Como a aliança parece ter sido resultado de uma costura entre Aécio, Lula e Pimentel, ou seja, tem as digitais do presidente, torna-se mais complexa a análise de suas conseqüências. O presidente pode querer fortalecer Aécio, mas não a ponto de dividir sua base política. A estratégia do presidente tem sinal claro: fomentar a disputa política entre os presidenciáveis tucanos. Só que algo na aliança pode ter fugido de seu controle: a disputa dentro do PT mineiro colocando em lados opostos o prefeito e seus ministros. Nesse sentido, o prefeito pode ter isolado na aliança políticos da base política do presidente no Estado simplesmente por estarem próximos do ministro Patrus Ananias. Assim, a aliança provoca perdas no campo lulista em Minas.
A ausência de nomes fortes do PT – os ministros Patrus e Luiz Dulci não aceitam concorrer –, o partido fica sem condições de vetar a aliança nos diretórios estadual e nacional। Embora isso não esteja descartado.
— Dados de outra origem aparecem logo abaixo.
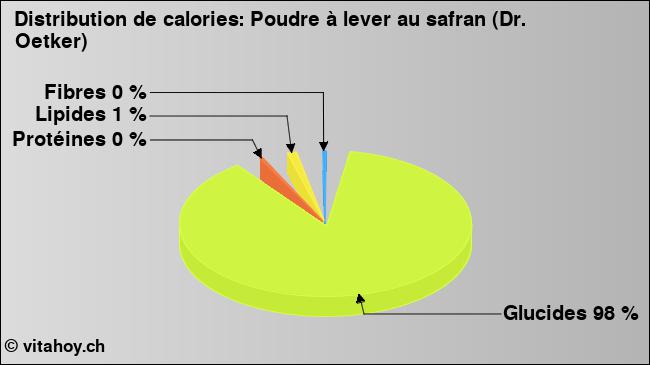 Calories: Poudre à lever au safran (Dr. Oetker) (diagramme, valeurs nutritives)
Nessa queda de braço, o prefeito pode sair vitorioso no primeiro round. Mas deverá colaborar para desintegrar precocemente a base política do governo Lula em Minas Gerais. Não dá para se fazer uma omelete sem quebras os ovos. Na política, a regra também vale.
Entre os ganhos e perdas, Aécio Neves obteve sua vitória política particular. Mesmo que a aliança não prospere, o governador mineiro dividiu a oposição política e lançou ares de conciliador para a sua virtual candidatura presidencial. Marcou pontos importantes em sua batalha dentro do PSDB. Uma jogada de mestre. Nesse caso, o governador mineiro saiu-se vencedor. Um possível perdedor é o ministro Patrus Ananias. Outro é José Serra. Só que não há garantias de que Pimentel seja também vencedor. Este precisará esperar 2010.